Davidson Loehr Interview Published on: 09, Feb 2021

Do you have a simple childhood memory that you could never forget?

Well, a couple come quickly to mind.

The first one in my book — the dream I had at 21, of taking my first steps when I was 1 year old. I had obviously never forgotten it for 20 years after it happened, even though it only existed in my subconscious. And after my mother said that yes, that’s just how it happened, I thought about what it showed my attitude had been toward people who doubted me, even as a baby. I like the memory and the lesson.

And the second was that memorable Sunday when I was six. First the new Sunday school teacher telling us such a dumb story — the Trinadee, with three odd characters and no plot. Then when I tried to say it was a pretty good story but next time leave the Ghost out — and she told me Jesus didn’t like little boys who called this a story, so I said she could leave Jesus out, too. Then when I went home and my father told me the same story and even said he believed it. Unconsciously but permanently, I was aware of a distance between me and my father that would never be closed.

What did being an author mean to you as a child? What does it mean to you now?

As a child, nothing. I probably assumed that if someone wrote something and said it was factual, that it must be. So I trusted the printed word more than I did once I grew older.

As an adult? It’s not about ego. If I have gifts or insights that could be useful to other people, then it’s almost my job to try and share those insights with them: through sermons, teaching, and sometimes writing. I do think I have undervalued my experiences, insights and writing. I never initiated the action leading to either of my books, but was approached by a publisher (for the 2005 book) or a guy in London who, I thought (wrongly) represented a publisher. If I had thought these insights were more valuable 35 years ago, I might have authored a bunch of books by now. Don’t know.

Why did you decide to complete M.A. in “Methods of studying religion” ?

I always wanted a bigger picture of important subjects. I was never interested in “brand name religion” (Presbyterian, Jewish, Buddhist, etc.), but rather generic religion: what is this “religion” business about? Forget the brand name stuff. Sticking to the best facts I can get, what does it look like religion is really about. A quick answer comes from etymology (I’ve always liked etymology). The word means “to bind back to” or to connect with again (both meanings suggesting that we think we were once really connected to something — maybe in the womb or at our mother’s breast — but are no longer. And what we choose to bind to, to ground our identity in, is very important. So we should have enough of an independent perspective not to get taken in so easily. The “Methods” course at Chicago (no longer offered in the same way there) taught about eight different methods. Each one was like a lens, and showed a different definition of what “religion” was: theology, philosophy, psychology, sociology, anthropology, archaeology, history, etc. each give you a different picture of what “religion” is. So we need a bigger picture.
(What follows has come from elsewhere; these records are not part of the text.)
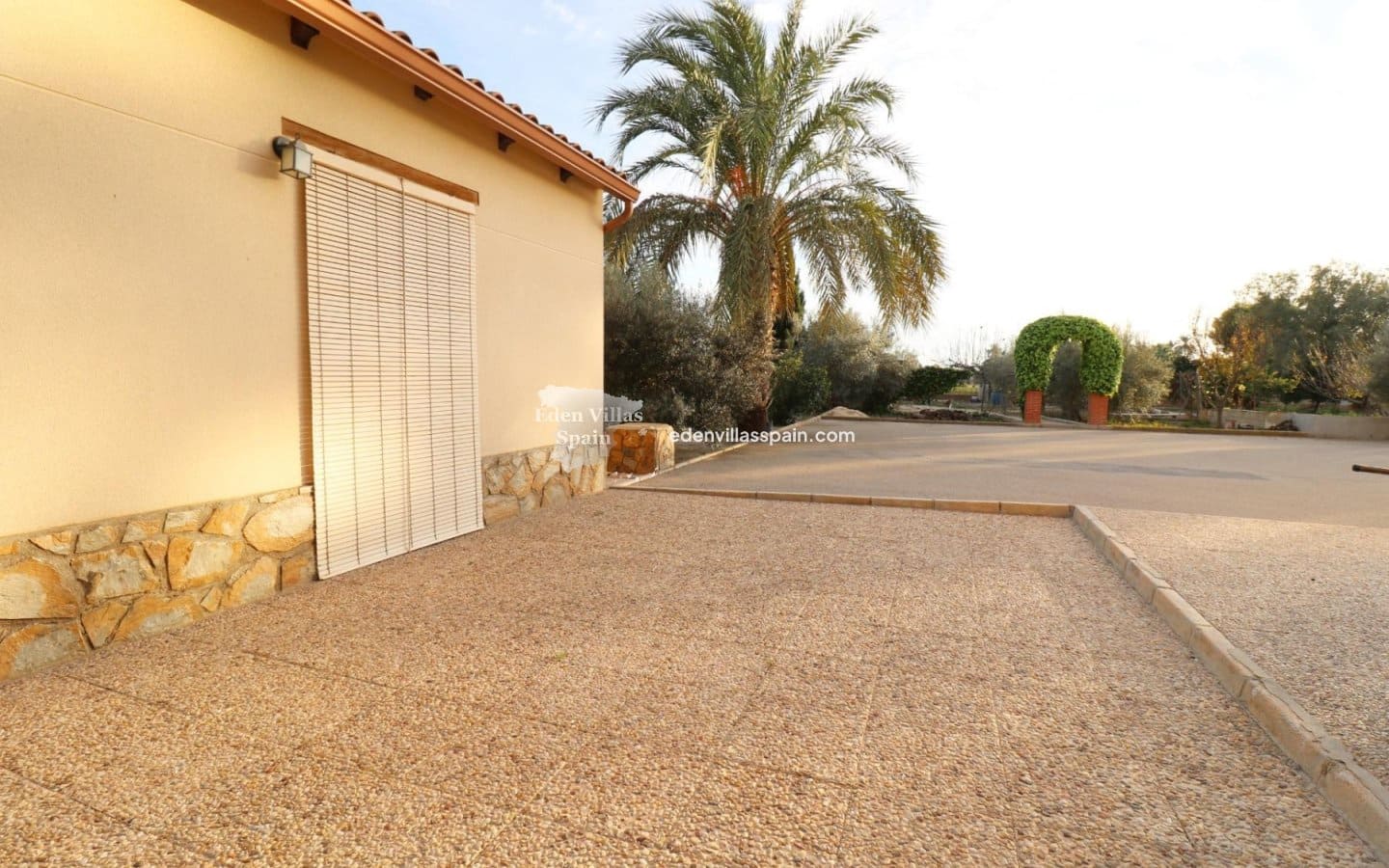 5 bedroom Finca/Country House for sale in Alicante / Alacant city - € 380,000 (Ref: 9027223)
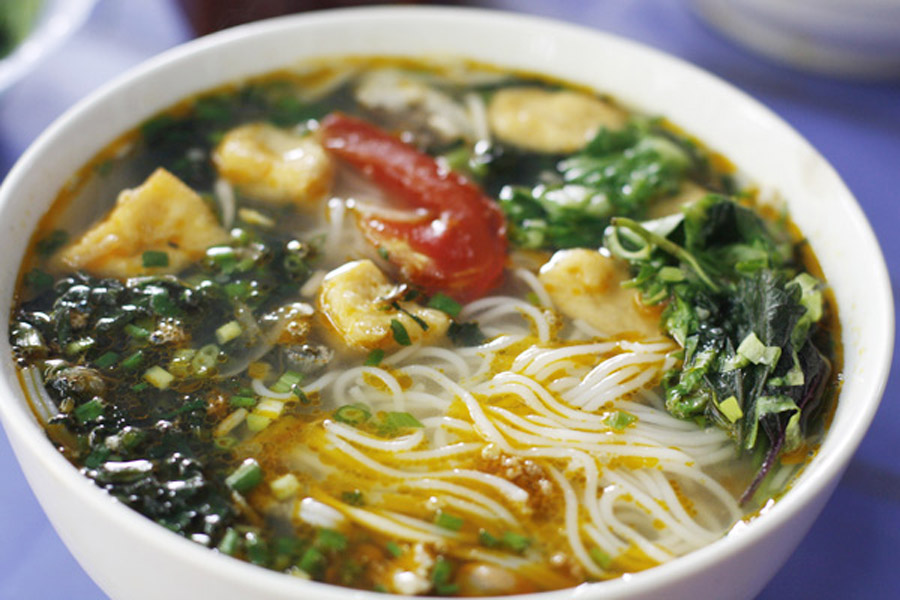 Chặt chém đầu năm: 150.000 đồng bát bún vớt không được con ốc nào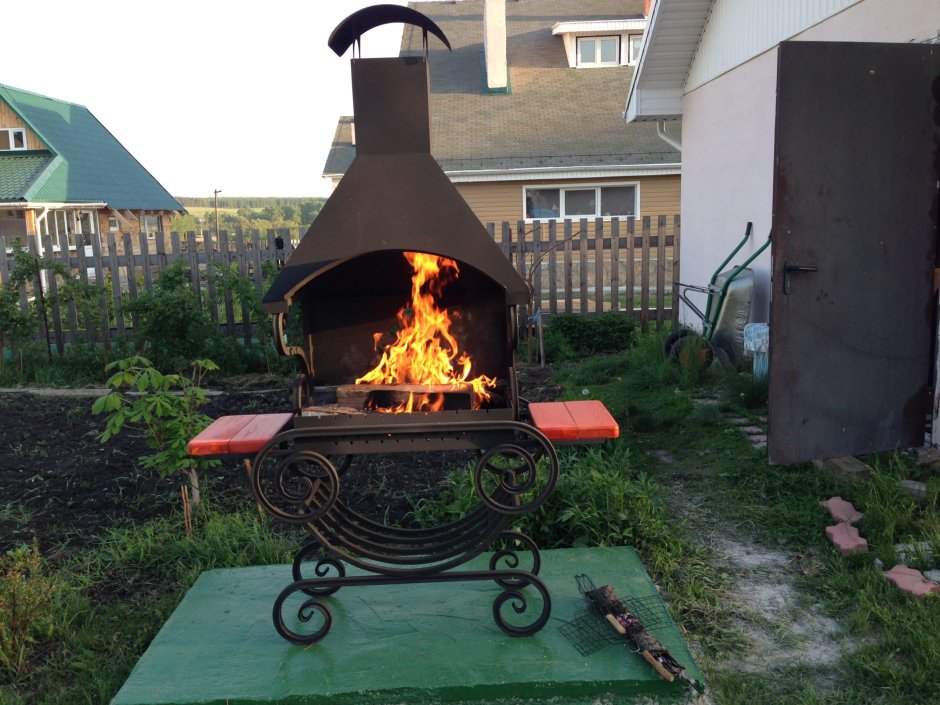 Мангальная зона на даче
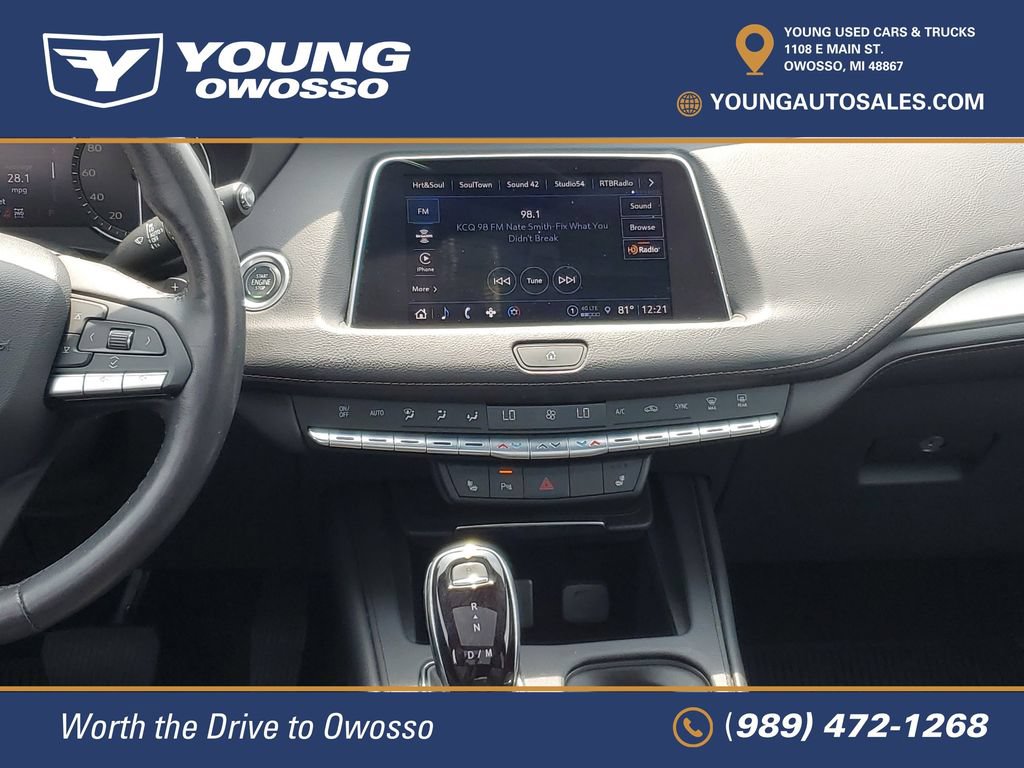 Used 2022 Cadillac XT4 Premium Luxury w/ Cold Weather Package AWD/4WD image 27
How did you begin writing your first story? Did it ever get published?

Ah! I graduated from grad school and started my first church as minister in 1986. After preaching for two Sundays and meeting with many members during “candidating week” the director of religious education wanted to meet with me. She said the minister before me had not wanted children either seen or heard (since his children had grown up), and we needed to do something about that — needed to have them in the service for at least the first few minutes. I agreed, but didn’t know how to do it. She said “Well, you could bring them up on the stage and tell them a story.” Hmmm. So when I returned to Chicago, I went to see a woman who lived in the co-op where I had been working as caretaker for 6 years (for a free apartment plus $200/month), a woman who was finishing her PhD in “Religion and literature”. I told her my situation, and said I’d never written a story and didn’t know where to find stories to read to children. She said I should just write them myself, and said I’d only need two books to do it: Bruno Bettelheim’s The Uses of Enchantment, and Vladimir Propp’s Morphology of the Folktale. I bought and read them, and she was right. It helped to back off, see how stories were constructed, what they needed, and so on. Some old members of the church didn’t want “any of those damned children’s stories in the building!” And said if I were going to embarrass myself by telling damned children’s stories, I owed it to the grown-ups to make sure that each week’s story tied in strongly to the day’s sermon topic. This made it more complex. But I liked the challenge, so wrote a one-year set of serial stories that formed a year-long children’s story, in which each story also connected with the day’s sermon. Each Sunday I’d sit in a special chair (made in the 19th century) after the opening words and hymn, and announce “Storytime!” And 20-30 kids, age 4-9 or so, would storm the stage for that week’s installment. (I still have the first year’s stories, printed out as “Storytime, 1986-87) and think they’re actually pretty good.) No, it’s never been published.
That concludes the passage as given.